What needs to be done: Write out again, exactly, the lines below starting at the one with "优衣库必备单品也要颜值与科技兼备！《青春有你2》毕业季旅行" and ending at the one with "(C80) [e☆ALI-aL! (Ariesu".

──────────

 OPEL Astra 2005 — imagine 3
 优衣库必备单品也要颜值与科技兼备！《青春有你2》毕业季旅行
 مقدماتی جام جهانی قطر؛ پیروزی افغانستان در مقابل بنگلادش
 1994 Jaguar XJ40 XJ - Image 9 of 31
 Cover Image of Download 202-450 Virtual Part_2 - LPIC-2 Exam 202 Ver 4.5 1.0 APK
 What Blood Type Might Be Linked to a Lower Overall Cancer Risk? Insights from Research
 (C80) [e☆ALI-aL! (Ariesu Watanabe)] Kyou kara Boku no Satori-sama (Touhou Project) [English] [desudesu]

──────────

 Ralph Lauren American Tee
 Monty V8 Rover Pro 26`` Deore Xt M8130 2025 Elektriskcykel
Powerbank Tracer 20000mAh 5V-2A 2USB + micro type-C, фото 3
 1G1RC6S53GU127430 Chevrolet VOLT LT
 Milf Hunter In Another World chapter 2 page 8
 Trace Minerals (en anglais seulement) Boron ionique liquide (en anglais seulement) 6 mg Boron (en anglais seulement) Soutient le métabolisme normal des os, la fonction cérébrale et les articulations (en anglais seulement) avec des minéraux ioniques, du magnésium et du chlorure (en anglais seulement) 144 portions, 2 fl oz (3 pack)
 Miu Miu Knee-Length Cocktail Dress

──────────

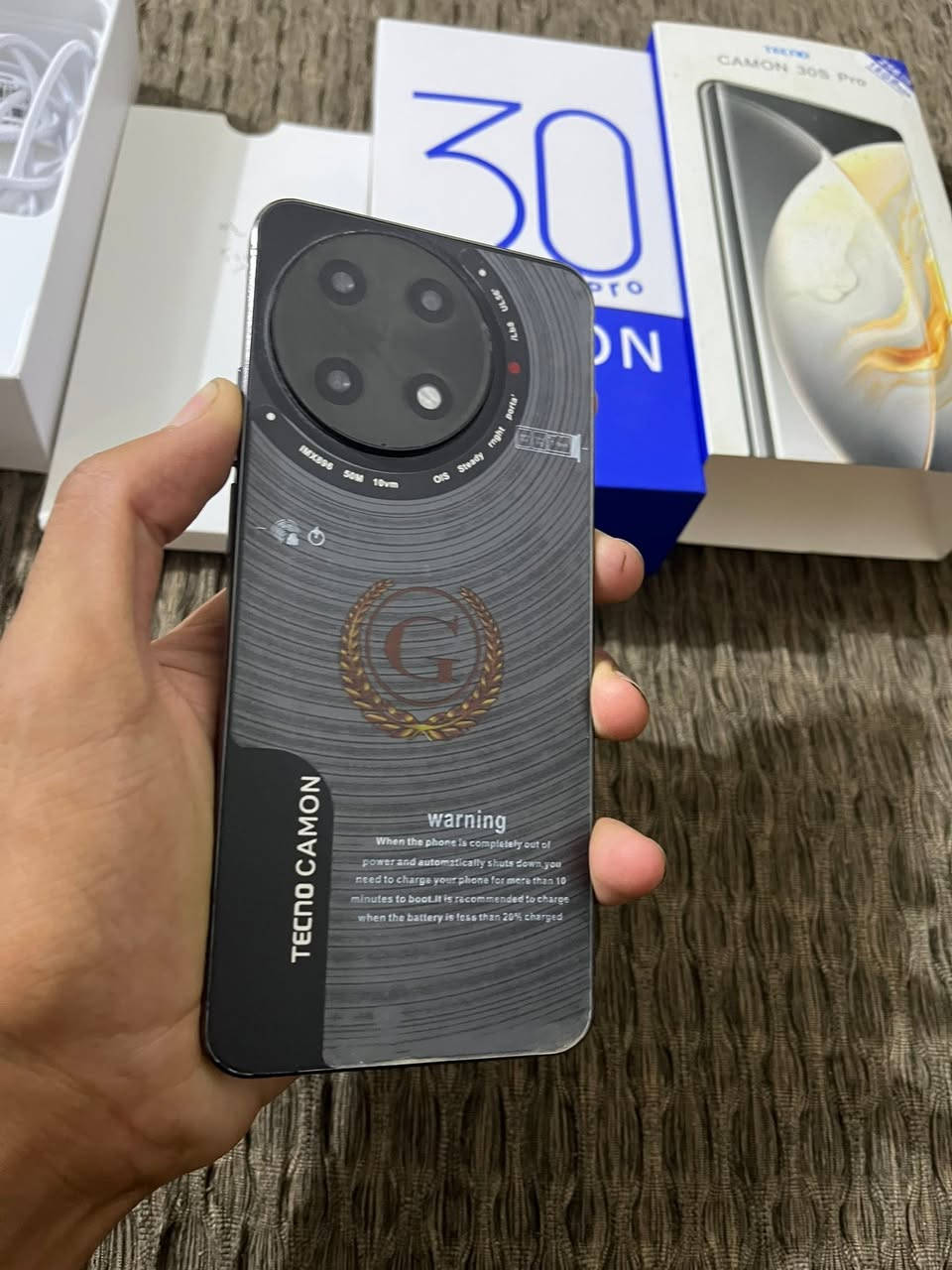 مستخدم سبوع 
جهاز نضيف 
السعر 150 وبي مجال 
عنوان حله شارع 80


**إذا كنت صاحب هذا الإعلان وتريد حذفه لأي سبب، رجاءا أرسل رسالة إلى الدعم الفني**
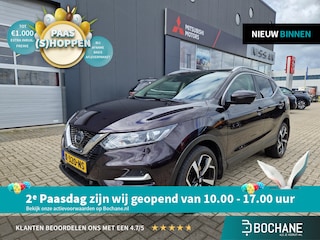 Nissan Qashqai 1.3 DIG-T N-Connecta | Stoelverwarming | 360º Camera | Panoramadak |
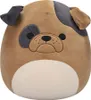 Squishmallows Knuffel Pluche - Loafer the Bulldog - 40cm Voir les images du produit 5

──────────

Expected answer:
 优衣库必备单品也要颜值与科技兼备！《青春有你2》毕业季旅行
 مقدماتی جام جهانی قطر؛ پیروزی افغانستان در مقابل بنگلادش
 1994 Jaguar XJ40 XJ - Image 9 of 31
 Cover Image of Download 202-450 Virtual Part_2 - LPIC-2 Exam 202 Ver 4.5 1.0 APK
 What Blood Type Might Be Linked to a Lower Overall Cancer Risk? Insights from Research
 (C80) [e☆ALI-aL! (Ariesu Watanabe)] Kyou kara Boku no Satori-sama (Touhou Project) [English] [desudesu]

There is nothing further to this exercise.